*** Exercise materials Section Begins ***

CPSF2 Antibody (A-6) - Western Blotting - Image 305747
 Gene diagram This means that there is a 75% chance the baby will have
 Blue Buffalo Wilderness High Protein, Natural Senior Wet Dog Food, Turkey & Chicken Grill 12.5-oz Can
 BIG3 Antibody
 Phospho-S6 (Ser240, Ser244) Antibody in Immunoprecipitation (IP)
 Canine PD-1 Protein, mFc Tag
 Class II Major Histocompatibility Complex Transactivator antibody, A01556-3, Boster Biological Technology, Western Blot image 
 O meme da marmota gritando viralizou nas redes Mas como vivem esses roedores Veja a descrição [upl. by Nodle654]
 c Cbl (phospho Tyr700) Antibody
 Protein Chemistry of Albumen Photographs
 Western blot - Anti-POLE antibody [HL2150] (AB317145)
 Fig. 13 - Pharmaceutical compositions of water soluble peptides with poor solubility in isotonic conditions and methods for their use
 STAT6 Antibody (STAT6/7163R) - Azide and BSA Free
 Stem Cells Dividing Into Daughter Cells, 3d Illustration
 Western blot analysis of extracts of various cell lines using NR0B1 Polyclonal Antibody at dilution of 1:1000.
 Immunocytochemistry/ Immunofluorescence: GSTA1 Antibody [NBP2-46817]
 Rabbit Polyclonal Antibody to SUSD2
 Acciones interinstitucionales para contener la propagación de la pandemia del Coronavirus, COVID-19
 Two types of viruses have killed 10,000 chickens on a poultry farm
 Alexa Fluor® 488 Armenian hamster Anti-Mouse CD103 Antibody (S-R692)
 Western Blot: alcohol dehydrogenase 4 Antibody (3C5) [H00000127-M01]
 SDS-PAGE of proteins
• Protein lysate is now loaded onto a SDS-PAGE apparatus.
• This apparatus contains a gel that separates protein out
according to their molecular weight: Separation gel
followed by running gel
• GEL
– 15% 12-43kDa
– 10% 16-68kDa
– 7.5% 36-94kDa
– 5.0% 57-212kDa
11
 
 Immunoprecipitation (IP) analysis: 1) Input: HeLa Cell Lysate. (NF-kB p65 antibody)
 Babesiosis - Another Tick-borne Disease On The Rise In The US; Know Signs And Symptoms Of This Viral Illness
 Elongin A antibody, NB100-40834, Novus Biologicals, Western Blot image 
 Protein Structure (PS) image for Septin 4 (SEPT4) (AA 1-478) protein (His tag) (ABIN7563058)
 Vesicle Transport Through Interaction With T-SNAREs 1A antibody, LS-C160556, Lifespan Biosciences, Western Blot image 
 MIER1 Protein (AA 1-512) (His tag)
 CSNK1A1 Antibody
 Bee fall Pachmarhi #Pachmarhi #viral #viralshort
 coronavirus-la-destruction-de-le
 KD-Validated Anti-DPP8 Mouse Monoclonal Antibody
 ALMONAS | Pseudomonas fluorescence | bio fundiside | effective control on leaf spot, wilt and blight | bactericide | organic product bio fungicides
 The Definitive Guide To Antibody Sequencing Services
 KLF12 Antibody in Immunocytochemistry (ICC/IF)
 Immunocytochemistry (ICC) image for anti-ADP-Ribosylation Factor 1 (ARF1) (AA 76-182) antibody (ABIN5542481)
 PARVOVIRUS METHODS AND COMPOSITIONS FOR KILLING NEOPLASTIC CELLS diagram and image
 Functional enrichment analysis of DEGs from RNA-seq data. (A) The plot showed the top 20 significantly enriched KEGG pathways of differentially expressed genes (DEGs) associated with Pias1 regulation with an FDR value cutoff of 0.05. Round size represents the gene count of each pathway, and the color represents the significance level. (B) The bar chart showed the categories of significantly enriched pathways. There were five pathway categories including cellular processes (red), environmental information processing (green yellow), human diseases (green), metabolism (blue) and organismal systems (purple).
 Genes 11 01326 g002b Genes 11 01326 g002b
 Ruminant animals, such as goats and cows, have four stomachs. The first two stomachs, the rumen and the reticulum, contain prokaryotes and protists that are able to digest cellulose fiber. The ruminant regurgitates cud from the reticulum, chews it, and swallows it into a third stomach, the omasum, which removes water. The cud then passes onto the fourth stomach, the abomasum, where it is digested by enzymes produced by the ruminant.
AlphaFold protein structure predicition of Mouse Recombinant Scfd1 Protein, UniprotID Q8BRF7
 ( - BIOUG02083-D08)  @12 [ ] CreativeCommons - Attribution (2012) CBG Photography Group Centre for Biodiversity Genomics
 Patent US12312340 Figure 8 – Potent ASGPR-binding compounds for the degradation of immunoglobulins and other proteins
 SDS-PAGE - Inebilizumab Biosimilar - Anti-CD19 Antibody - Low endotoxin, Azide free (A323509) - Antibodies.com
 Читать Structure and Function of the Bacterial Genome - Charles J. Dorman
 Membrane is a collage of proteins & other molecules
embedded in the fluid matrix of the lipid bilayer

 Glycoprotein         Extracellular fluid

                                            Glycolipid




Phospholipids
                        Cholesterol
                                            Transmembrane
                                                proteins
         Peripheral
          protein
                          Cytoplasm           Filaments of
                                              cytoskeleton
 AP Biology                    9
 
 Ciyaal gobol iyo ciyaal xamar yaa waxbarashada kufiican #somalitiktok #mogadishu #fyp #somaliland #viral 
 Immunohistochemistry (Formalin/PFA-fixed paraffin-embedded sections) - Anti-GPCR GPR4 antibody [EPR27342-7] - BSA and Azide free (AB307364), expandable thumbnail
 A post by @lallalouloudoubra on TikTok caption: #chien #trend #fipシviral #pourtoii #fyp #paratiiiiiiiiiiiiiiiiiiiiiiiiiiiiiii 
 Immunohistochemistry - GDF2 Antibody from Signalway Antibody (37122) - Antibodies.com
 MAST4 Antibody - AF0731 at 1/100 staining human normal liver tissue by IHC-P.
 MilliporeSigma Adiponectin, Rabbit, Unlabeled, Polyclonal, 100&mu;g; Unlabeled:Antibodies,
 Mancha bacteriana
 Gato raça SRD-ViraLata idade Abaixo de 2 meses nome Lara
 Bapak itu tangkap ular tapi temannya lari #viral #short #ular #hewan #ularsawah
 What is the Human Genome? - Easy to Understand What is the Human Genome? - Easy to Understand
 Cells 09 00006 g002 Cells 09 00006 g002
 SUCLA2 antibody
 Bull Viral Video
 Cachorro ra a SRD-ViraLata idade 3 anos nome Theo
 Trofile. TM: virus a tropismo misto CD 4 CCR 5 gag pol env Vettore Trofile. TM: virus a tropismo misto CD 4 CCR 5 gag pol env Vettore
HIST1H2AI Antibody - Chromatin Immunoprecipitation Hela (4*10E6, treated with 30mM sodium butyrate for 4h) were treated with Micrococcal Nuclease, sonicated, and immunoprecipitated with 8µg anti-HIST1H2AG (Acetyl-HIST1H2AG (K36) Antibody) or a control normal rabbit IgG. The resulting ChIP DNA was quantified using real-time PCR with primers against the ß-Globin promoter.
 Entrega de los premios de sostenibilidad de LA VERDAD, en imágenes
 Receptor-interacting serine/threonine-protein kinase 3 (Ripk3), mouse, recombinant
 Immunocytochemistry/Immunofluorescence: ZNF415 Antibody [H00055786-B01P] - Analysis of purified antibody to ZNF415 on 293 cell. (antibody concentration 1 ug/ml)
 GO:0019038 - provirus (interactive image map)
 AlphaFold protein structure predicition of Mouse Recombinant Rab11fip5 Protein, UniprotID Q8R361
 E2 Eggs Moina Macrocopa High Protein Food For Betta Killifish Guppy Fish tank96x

*** Exercise materials Section Ends ***

▸ Prompt
Write only the number of lines in the entries where the string "diagram" occurs.

▸ Final answer
2